- Не понимаю, какие еще доработки здесь нужны?
Примерно через полчаса приехал Томский со своим
эскизом монумента, сделанным в пластилине. Когда он развернул его и воодрузил на подставку, я мысленно ахнул: «Ба! Знакомый “шедевр” Голубовского-Гришина». Да, это было все то же знамя, только уже третий или пятый вариант, да к тому же самый худший. Это было нечто похожее то ли на дредноут с опущенным в воду килем, то ли на отколовшуюся вершину утеса. Я наблюдал за Срединым, стараясь угадать его отношение к эскизу Томского. Мы переглянулись. В его глазах сверкнуло удивление. Подойдя ко мне вплотную, он спросил вполголоса:
- Что сие означает?
- Надо полагать - Знамя Победы, - ответил я.
Геннадий Васильевич пожал плечами и молча отошел в
сторону, как бы демонстративно рассматривая проект Еду-нова. Находчивый Самойлович увлек Николая Васильевича вслед за Срединым, приговаривая:
- Вы только взгляните, что сотворил Борис.
Николай Васильевич окинул быстрым опытным взглядом проект и негромко пробурчал:
- Может получиться. - И отошел в сторону.
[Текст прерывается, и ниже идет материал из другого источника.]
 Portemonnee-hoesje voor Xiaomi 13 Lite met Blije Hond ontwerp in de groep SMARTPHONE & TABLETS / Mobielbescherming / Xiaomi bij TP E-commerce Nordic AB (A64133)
Вид у него был нездоровый и усталый. Я спросил:
- Как ты себя чувствуешь?
- Плохо, - тихо ответил он и прибавил: - Ноги болят.
- Ты берешься возглавить коллектив Бориса?
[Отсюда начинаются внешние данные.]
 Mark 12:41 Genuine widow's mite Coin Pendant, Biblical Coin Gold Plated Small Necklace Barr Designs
Он кивнул. О его эскизе-дредноуте мы не говорили, словно его вообще не было.
А спустя непродолжительное время в газете мы прочитали, что для работы над монументом Победы создан авторский коллектив во главе с Н. В. Томским. В числе соавторов были скульптор Чернов, архитектор Полянский и другие. Имени Бориса Едунова там не было. Прочитав состав авторов, Борис тихо выдавил: «Что ж, собралась еврейская лавочка. А Томский в роли свадебного генерала».
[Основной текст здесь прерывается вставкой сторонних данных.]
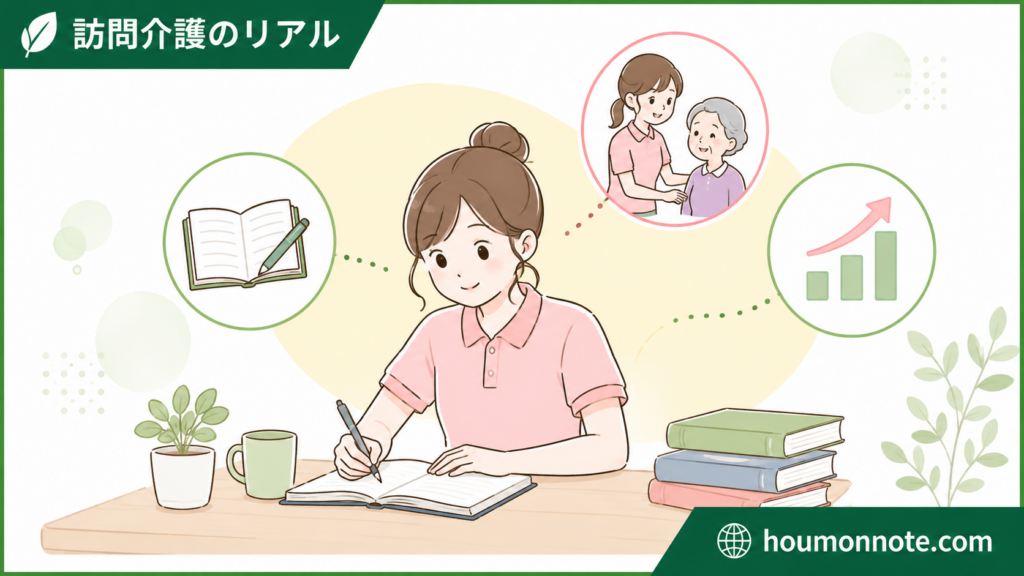 実務者研修について学びながら、介護の専門知識やキャリアアップを考える女性介護職のイラスト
- Скорее крыши, - с раздражением бросил я. - Он предал тебя. Нанес удар в спину - жестоко.
- Он мстительный и бессердечный, - так же тихо, поникшим голосом выдавил Борис.
Чем утешить человека, тем более друга, которому нанесли предательский удар из-за угла?
Я решил сразу же позвонить Томскому, выяснить. Не верилось, думалось, что произошла какая-то ошибка, просто в печати, в газете по недосмотру выпала фамилия Едунова. Ведь остался же в составе группы Лев Голубовский. Впрочем, он ведь тоже «еврейская лавочка». Борис отговаривал меня: не надо звонить Томскому, мол, ты сейчас взвинчен, обругаешь, а может, он и не виноват, может, это сделал Чернов вместе с супругой Томского Г анной Михайловной. И все же я позвонил. Мне ответили, что Николай Васильевич находится в больнице и к нему, кроме родных, никого не пускают.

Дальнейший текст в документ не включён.